Este último es una incultura económica destinada a provocar codicia a través de nuevas y constantes necesidades superfluas, y de la masiva producción de cosas con una obsolescencia casi inmediata, tanto, que incluso ha provocado el exponencial crecimiento de la industria dedicada a eliminar basura. A esto se suma otro fenómeno: el hecho de que en las sociedades libres se ha desplegado una vocación de vida excesivamente centrada en el placer. Esto ha generado un laicismo que odia cualquier frontera moral, y que promueve el relativismo de los valores que dieron sustento a los ideales constitucionales.
Estrategias. Así las cosas, la defensa de los Estados constitucionales requerirá estrategias. Una de ellas es la preparación para una resistencia de larga duración frente al terrorismo. Esto implicará un mayor fortalecimiento de la cooperación sostenida norte-sur para promover el desarrollo humano, estimular nuevos pactos regionales de coexistencia, correlación y equilibrio de fuerzas, así como también fortalecer las políticas internacionales que desestimen el tráfico armamentístico, como la propuesta del Dr. Óscar Arias sobre el tráfico de armas, presentada a la ONU por el Gobierno de Costa Rica.

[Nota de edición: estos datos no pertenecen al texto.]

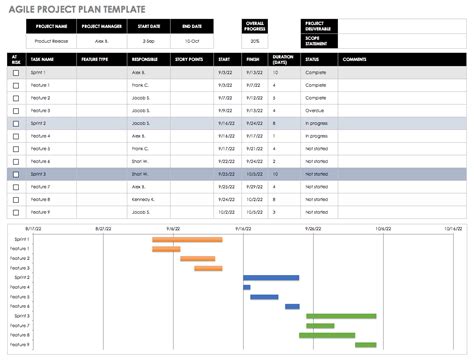 Agile Project Schedule Template Example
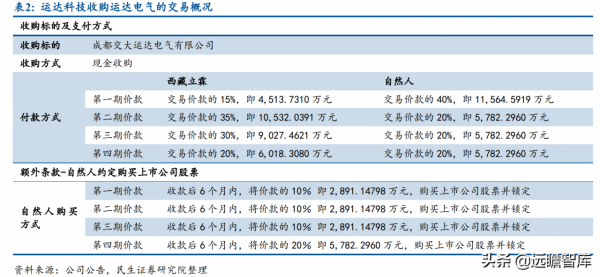 起於西南交通大學，運達科技：收購運達電氣，引領鐵路儲能新基建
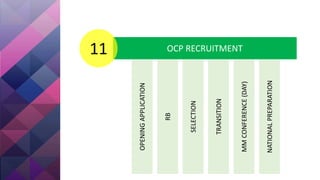 OCP RECRUITMENT11
OPENINGAPPLICATION
RB
SELECTION
TRANSITION
MMCONFERENCE(DAY)
NATIONALPREPARATION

A todo lo anterior se le deben agregar la defensa irrestricta de los valores que permitieron la democracia constitucional en el orbe, y la promoción de una nueva ética económica que redefina los propósitos globales del capitalismo y el mercado.
En síntesis, aunque nos sintamos tentados a claudicar en la defensa y promoción de los valores del constitucionalismo democrático, la responsabilidad histórica de toda nuestra generación es resistir.